U.S. domestic sourcing of DoD fuel should also be put in place. The requirements of “Buy American” do not apply to fuel, and the Defense Logistics Agency Energy (DLA Energy) currently buys fuel wherever it is cheapest, normally meaning the closest source to the point of use. This is of course vastly different from the sourcing for so much else the DoD uses or procures, where “Buy American” applies. But those “point of use” sources of fuel for ships in the Pacific may be at risk in the event of conflict with China, assuming they are not owned or controlled by Chinese companies, which should not be overlooked.

As mentioned, the U.S. currently exports a large amount of refined product. Some of these exports could easily be diverted to DoD as a customer without heavily distorting the domestic oil market. It is highly likely some level of domestic sourcing would need to be done in a time of conflict. As a result, this program would put in place an oil supply chain that will be needed regardless, but in a phased approach that does not distort markets as opposed to an emergency program implemented in a time of crisis that is highly disruptive. Sourcing DoD oil domestically now will result in increased ton-mile demand, hence immediately increasing the need for tankers to carry it.

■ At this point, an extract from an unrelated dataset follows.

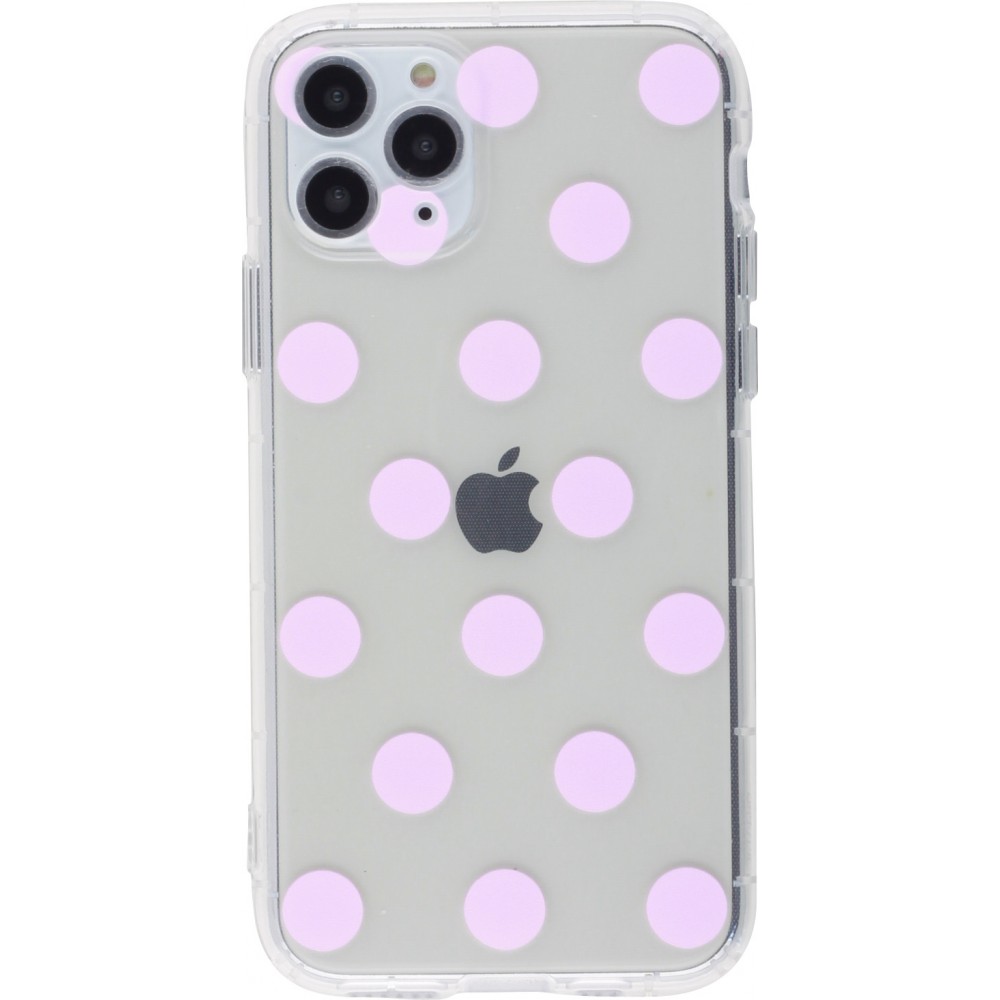 Coque iPhone 12 mini - Gel pois - Rose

Lastly, the program run by the Military Sealift Command (MSC) for prepositioning refined product on tankers fitted for CONSOL should be put back in place. At one time, MSC had a large number of tankers under charter loaded with the types of fuel that would be needed in a conflict. These tankers were outfitted with all the required equipment for their military mission, were fully-crewed, and ready to respond immediately. This program, if revived, could be done quickly and supply immediate capability of the required type. 

There are several points to consider when reviewing this menu of potential solutions. First, while some, such as adjusting the TSP, require congressional action which will take time, others can be done by DoD quickly. Prepositioning programs or DLA-E sourcing do not require congressional action and could be accomplished in shorter timeframes. Cargo preference for exports could potentially be done by executive order in the short term, but would certainly require congressional action in the longer term. But a central theme is that cargo must be at the center of any viable solution, not government stipends.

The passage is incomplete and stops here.